Hello, everyone. Newbie here :).

I am a 50 year old male in decent shape (5-9 and 170) who has had problems with ED off/on for the last 15 years or so. I have tried Testim, Clomid, and Tamoxifen in order to raise my T levels and they all worked but only for a week or so. Tamoxifen worked the best I would say. The only labs ever drawn were Total T until just last week.
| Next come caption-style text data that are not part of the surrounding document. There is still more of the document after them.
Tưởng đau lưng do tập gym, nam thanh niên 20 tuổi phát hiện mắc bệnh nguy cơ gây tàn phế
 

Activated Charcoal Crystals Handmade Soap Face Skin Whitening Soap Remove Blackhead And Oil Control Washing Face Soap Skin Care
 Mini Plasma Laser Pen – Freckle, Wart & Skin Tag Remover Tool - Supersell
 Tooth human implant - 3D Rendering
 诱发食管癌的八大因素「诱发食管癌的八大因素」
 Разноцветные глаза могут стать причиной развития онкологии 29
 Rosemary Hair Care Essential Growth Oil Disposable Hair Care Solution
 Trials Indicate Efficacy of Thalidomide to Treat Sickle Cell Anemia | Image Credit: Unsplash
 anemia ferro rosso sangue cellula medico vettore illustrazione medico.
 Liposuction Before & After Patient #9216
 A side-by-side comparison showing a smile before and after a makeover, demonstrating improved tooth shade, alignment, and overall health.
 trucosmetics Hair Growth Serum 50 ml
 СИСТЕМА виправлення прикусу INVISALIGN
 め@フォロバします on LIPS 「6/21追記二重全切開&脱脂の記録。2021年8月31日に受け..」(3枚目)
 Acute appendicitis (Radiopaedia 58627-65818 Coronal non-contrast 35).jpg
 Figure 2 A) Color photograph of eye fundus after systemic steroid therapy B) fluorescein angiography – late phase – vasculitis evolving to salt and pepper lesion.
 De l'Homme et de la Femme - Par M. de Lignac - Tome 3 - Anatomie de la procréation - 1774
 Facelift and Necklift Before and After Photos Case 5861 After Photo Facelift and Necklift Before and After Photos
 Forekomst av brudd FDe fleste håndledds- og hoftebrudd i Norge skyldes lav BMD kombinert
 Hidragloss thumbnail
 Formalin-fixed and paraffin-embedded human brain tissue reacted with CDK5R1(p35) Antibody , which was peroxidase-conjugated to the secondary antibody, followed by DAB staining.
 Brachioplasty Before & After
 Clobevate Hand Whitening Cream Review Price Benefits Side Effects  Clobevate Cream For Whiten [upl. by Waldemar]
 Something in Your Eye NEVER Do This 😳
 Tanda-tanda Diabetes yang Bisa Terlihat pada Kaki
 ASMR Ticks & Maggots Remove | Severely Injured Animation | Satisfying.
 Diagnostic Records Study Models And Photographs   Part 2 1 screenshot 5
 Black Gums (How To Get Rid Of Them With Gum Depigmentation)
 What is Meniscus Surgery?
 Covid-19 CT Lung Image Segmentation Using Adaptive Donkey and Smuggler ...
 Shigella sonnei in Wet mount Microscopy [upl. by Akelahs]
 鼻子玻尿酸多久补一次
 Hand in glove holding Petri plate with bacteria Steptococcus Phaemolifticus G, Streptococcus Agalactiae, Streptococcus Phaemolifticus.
I had been feeling extremely run down for 2 weeks and couldn't get an erection at all so I had labs done. Not surprisingly, my Total T was 184! My SHBG was 16.6 out of a range of 13-71. My E2 was 19. I have other labs but these are the ones I think you need. Free T was also very low. I did not do an insulin level though but I will this week.

So I started back on Tamoxifen 10 mg twice a day. The first day my genitals were on fire. I had a spontaneous erection. My testicles were getting bigger. I thought alright! But now, after only 1 week, my testicles are no longer getting bigger, I'm having difficulty getting erections again, and I'm very, very tired. This is the same way it happened in the past. I am getting labs done this week and will post those ASAP.

My question though is this: Should I increase or decrease the Tamoxifen? Should I continue the 20 mg but take it only once a day instead of twice a day? Should I take 40 mg a day? I called my doctor but he says to wait a month before doing anything! I think that it too long! Anyone have any ideas? Thanks for any help.
 
I am confused. But don't you want your SHBG to be low which in turn would mean that your T would be high? If so, why would you want a high SHBG? Sorry about my stupidity.
 
Sorry. Me again. I understand you would want higher SHBG levels if you want to avoid Syndrome X and DM, etc but what I don't understand is why I have low T levels but yet I have normal SHBG, LH, FSH, and E2 levels. HOW CAN THAT BE? In other words, why aren't my T levels ALSO normal? And TSH, T3, T4 were WNL, BG and A1C were WNL, CMP was WNL, CBC was WNL, etc. Why can't I have normal T!!!!

Is there any way to increase my T in a more natural way besides Tamoxifen so that I don't shut down my testes? Why do these drugs seem to only work for 1 week or so? Why do my levels eventually drop even after I get them back up? Is there something I can do to KEEP them up?

Thanks again for any replies. My doctor is just a Family doc and he doesn't seem to know much about this topic. I live in a very rural area and can't get to a specialist. I know I have 3 posts in a row without any responses. I just keep on thinking of questions lol. I will not submit anymore for awhile :).
 
Hey guys,
I am fairly new here and wanted to say thanks for all the useful info...

I am 22yrs old and have been diagnosed and misdiagnosed with Primary/Secondary Hygonadism.
I see now that low SHBG could have been the reason for messy inconsisten levels... One month i am in normal ranges of T(540), next month I am 340 then another month i am under the low range at (240)

What I can say that is starting out 2 years ago with a high estrogen high prolactin level with unnoticed low SHBG and normal testosterone and high free T, a year ago i was diagnosed with a prolactinoma nothing visible on mri and i was able to suppress the prolactin tumor with .5 e3d Cabergoline aka dostinex I discontinued the cabergoline and it did actually fix my sex libido for some time.

I then retested blood work with another doctor a year after and my T levels had droped to lower normal instead of just average. My Prolactin raised up just a hint but was still in high normal ranges but HIGH estrogen still, normal LH but low FSH. The doctor said he wanted to wait a few more months and see if my sex drive comes back and anxiety might leave cuz it could be all in my head! NO!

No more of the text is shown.